Le grand changement ne se produisit qu’aux XIXe et XXe siècles, quand la sécularisation et les Lumières juives conduisirent de nombreux Juifs à adopter la vision du monde et le mode de vie de leurs voisins gentils. Les juifs commencèrent alors à rejoindre les universités et les centres de recherche de pays comme l’Allemagne, la France ou les Etats-Unis. Les savants juifs apportèrent des ghettos et des shetls des héritages culturels importants. La valeur centrale de l’éducation dans la culture juive est l’une des principales raisons de l’extraordinaire réussite des savants juifs. Il y eut aussi d’autres facteurs: le désir d’une minorité persécutée de prouver sa valeur, ainsi que les barrières empêchant les Juifs talentueux de s’élever dans des institutions plus antisémites comme l’armée et l’administration publique.
Reste que si les savants juifs apportèrent de la yeshivah une discipline forte et une foi profonde dans la valeur du savoir, ils n’arrivèrent avec aucun bagage d’idées ou d’intuitions concrètes. Einstein était juif, mais la théorie de la relativité n’est pas que de la « physique juive ». Quel rapport entre le caractère sacré de la Torah et l’intuition que l’énergie est égale au produit de la masse par la vitesse de la lumière au carré ? À titre de comparaison, Darwin était chrétien et commença même ses études à Cambridge dans l’intention de devenir prêtre anglican. La théorie de l’évolution est-elle pour autant une théorie chrétienne ? Il serait ridicule de présenter la théorie de la relativité comme une contribution juive à l’humanité, de même qu’il serait ridicule de mettre la théorie de l’évolution au crédit du christianisme.

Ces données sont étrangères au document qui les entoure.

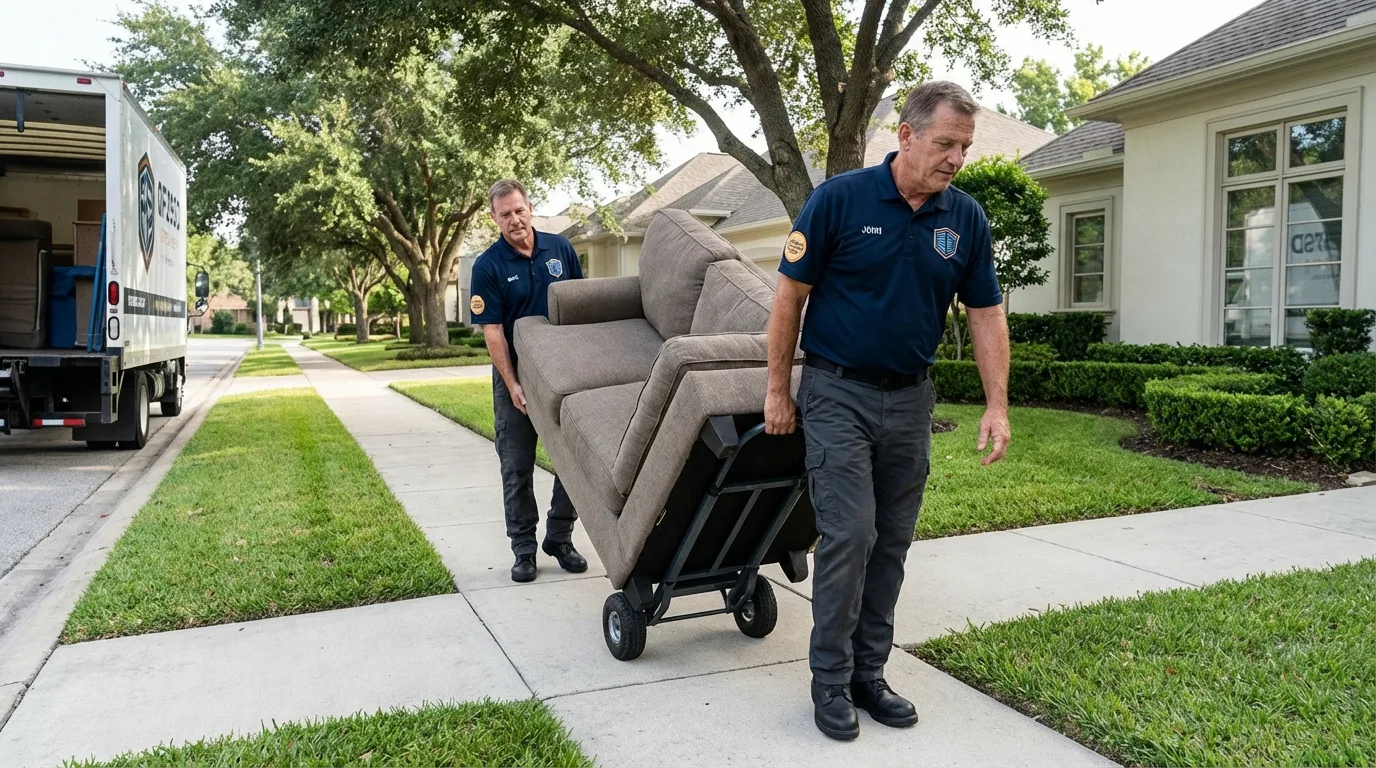 Local residential moving crew loading furniture in Clifton Heights, PA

De même serait-il difficile de trouver quelque chose de proprement juif dans l’invention du procédé de synthèse de l’ammoniaque par Fritz Haber (Prix Nobel de Chimie en 1918), dans la découverte de la streptomycine par Selman Waksman (Nobel de physiologie ou de médecine, 1952), ou encore dans la découverte des quasi-cristaux par Dan Schechtman (Nobel de chimie, 2011). Dans le cas de spécialistes des sciences humaines et sociales- comme Freud-, leur héritage juif a probablement eu un impact plus profond sur leurs intuitions. Même dans ces cas, pourtant, les discontinuités sont plus flagrantes que les liens survivants. Les vues de Freud sur la psyché humaine sont très différentes de celle du rabbi Joseph Caro ou du rabbi Yochanan ben Zakkaï et ce n’est pas en épluchant le Shulhan Arukh (code de la loi juive) qu’il a découvert le complexe d’Œdipe.

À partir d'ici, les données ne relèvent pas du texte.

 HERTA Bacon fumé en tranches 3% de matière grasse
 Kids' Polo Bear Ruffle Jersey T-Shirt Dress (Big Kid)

En résumé, bien que l’insistance juive sur le savoir soit probablement pour beaucoup dans l’exceptionnelle réussite des savants juifs, ce sont des penseurs gentils qui ont jeté les bases des réalisations d’Einstein, de Haber et de Freud. La révolution scientifique n’était pas un projet juif, et les Juifs n’y trouvèrent leur place qu’en quittant la yeshivah pour l’université. En vérité, l’habitude juive de rechercher des réponses à toutes les questions en lisant des textes anciens a été un obstacle significatif à l’intégration des Juifs dans le monde de la science moderne, où les réponses viennent des observations et de l’expérience. Si quelque chose, dans la religion juive, devait conduire nécessairement à des percées scientifiques, pourquoi est-ce entre 1905 et 1933 que dix Juifs allemands laïques décrochèrent le Nobel de chimie, de médecine ou de physique, mais qu’au cours de la même période pas un seul Juif orthodoxe ni un seul Juif bulgare ou yéménite n’obtint le moindre Nobel ?

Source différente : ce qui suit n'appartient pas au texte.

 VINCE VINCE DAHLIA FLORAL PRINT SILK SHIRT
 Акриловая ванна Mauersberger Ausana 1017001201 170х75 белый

Pour qu’on n’aille pas me soupçonner de « haine de soi juive » ou d’antisémitisme, je tiens à insister : je ne prétends pas que le judaïsme soit une religion spécialement mauvaise ou obscurantiste. Je dis simplement qu’elle n’a pas été particulièrement importante dans l’histoire de l’humanité. Des siècles durant, le judaïsme a été l’humble religion d’une petite minorité persécutée qui préférait lire et contempler plutôt que conquérir des pays lointains et brûler des hérétiques sur un bûcher.
Les antisémites pensent habituellement que les Juifs sont très importants. Ils imaginent que les Juifs contrôlent le monde, ou le système bancaire, ou au moins les médias, ou qu’ils sont à blâmer de tout, du réchauffement climatique aux attentats du 11 septembre.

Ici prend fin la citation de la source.